Mais sur ce front, l'armée israélienne continue à avancer dans le sud du pays où elle a mené de nouvelles frappes, et le Hezbollah poursuit ses attaques notamment dans le nord israélien, malgré la trêve en vigueur depuis le 17 avril, mais non respectée.

L'armée israélienne s'est emparée dimanche de la forteresse médiévale de Beaufort, un site stratégique où elle avait établi une base pendant les deux décennies de l'occupation israélienne, achevée en 2000.

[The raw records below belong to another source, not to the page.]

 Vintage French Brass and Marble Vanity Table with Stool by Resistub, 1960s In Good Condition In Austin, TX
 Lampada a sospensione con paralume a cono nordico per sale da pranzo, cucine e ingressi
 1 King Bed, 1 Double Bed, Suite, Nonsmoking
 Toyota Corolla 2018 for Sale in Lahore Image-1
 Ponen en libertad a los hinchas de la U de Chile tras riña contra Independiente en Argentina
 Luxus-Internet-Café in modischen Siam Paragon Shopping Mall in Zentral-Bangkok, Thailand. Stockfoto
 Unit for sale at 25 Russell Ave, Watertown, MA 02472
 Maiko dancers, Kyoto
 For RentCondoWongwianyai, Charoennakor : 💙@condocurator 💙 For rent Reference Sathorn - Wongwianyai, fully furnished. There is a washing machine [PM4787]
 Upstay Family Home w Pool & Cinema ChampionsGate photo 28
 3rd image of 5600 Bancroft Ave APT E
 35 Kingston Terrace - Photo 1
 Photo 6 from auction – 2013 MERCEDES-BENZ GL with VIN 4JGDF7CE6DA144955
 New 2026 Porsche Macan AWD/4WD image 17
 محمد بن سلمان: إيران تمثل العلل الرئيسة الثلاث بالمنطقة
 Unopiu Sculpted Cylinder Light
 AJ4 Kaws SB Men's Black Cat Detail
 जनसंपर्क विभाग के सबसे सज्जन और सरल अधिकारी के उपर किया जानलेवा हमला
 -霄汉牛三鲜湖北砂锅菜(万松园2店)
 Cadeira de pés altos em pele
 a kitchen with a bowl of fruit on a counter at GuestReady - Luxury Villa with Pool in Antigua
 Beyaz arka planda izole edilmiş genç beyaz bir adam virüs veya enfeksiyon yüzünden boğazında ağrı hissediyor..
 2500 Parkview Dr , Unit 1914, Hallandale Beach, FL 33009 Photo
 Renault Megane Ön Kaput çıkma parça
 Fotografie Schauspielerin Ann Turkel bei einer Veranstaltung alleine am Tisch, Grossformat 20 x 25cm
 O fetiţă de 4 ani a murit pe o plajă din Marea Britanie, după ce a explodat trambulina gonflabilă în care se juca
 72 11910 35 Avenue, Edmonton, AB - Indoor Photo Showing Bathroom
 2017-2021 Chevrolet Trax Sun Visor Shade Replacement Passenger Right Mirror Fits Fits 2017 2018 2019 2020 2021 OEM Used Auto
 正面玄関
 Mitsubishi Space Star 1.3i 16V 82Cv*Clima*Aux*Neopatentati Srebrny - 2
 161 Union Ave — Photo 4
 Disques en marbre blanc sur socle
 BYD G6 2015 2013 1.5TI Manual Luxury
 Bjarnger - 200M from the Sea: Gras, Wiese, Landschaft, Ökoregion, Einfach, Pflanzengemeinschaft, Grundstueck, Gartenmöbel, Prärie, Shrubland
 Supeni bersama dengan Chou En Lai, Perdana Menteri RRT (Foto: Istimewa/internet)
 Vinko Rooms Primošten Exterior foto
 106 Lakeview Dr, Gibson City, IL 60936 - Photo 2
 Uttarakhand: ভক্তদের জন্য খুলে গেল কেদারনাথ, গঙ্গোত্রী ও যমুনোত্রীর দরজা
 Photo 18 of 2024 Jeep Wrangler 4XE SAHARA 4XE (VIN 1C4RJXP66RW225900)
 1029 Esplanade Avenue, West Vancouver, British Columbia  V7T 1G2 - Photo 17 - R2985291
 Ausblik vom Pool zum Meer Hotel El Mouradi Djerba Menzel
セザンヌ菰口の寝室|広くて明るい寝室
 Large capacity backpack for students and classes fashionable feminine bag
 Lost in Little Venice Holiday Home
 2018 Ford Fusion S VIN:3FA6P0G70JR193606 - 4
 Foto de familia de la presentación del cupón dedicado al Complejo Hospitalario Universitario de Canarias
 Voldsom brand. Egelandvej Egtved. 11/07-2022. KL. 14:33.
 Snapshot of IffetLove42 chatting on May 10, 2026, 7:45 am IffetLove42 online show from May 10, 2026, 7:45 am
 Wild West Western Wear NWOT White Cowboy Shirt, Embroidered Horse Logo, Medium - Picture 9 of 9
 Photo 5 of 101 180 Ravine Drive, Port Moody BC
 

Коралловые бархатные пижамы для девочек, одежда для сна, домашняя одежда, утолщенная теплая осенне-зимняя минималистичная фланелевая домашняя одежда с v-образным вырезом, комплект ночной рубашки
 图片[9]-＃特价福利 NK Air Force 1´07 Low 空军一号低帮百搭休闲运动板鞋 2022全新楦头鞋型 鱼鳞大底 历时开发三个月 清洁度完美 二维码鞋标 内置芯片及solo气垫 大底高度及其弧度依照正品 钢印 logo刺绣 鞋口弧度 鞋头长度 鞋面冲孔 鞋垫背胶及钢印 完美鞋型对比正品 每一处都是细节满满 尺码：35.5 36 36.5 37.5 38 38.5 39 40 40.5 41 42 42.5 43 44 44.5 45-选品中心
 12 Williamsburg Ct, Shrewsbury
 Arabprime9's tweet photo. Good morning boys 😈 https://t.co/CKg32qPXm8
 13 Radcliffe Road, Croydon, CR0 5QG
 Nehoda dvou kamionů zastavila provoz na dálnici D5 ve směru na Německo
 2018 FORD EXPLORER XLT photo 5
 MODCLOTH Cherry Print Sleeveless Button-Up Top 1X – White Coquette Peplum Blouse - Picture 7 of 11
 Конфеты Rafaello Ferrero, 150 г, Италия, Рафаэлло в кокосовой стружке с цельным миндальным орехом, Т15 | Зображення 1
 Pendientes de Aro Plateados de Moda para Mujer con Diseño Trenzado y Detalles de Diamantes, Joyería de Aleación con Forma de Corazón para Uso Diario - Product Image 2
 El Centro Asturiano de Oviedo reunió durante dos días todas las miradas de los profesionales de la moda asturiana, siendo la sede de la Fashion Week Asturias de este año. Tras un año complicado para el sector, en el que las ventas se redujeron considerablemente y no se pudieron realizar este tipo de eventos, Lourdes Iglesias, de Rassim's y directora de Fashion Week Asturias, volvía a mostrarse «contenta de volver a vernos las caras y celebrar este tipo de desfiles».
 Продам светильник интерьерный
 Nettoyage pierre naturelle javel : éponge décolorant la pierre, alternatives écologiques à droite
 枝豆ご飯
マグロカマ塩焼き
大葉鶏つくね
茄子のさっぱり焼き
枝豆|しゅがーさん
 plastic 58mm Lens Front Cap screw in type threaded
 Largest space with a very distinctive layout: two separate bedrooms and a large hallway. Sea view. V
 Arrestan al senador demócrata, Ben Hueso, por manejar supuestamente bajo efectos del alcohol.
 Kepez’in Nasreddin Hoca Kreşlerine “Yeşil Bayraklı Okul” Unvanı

Pour les Etats-Unis, c'est au Hezbollah de cesser les tirs en premier, en contrepartie de quoi Israël "s'abstiendrait de toute escalade à Beyrouth", selon un plan rapporté par un responsable américain à la suite d'entretiens menés dimanche par le chef de la diplomatie Marco Rubio avec le président libanais Joseph Aoun et le Premier ministre israélien Benjamin Netanyahu.

La France a demandé une réunion d'urgence au Conseil de sécurité, qui se tiendra lundi, selon des sources diplomatiques à l'AFP.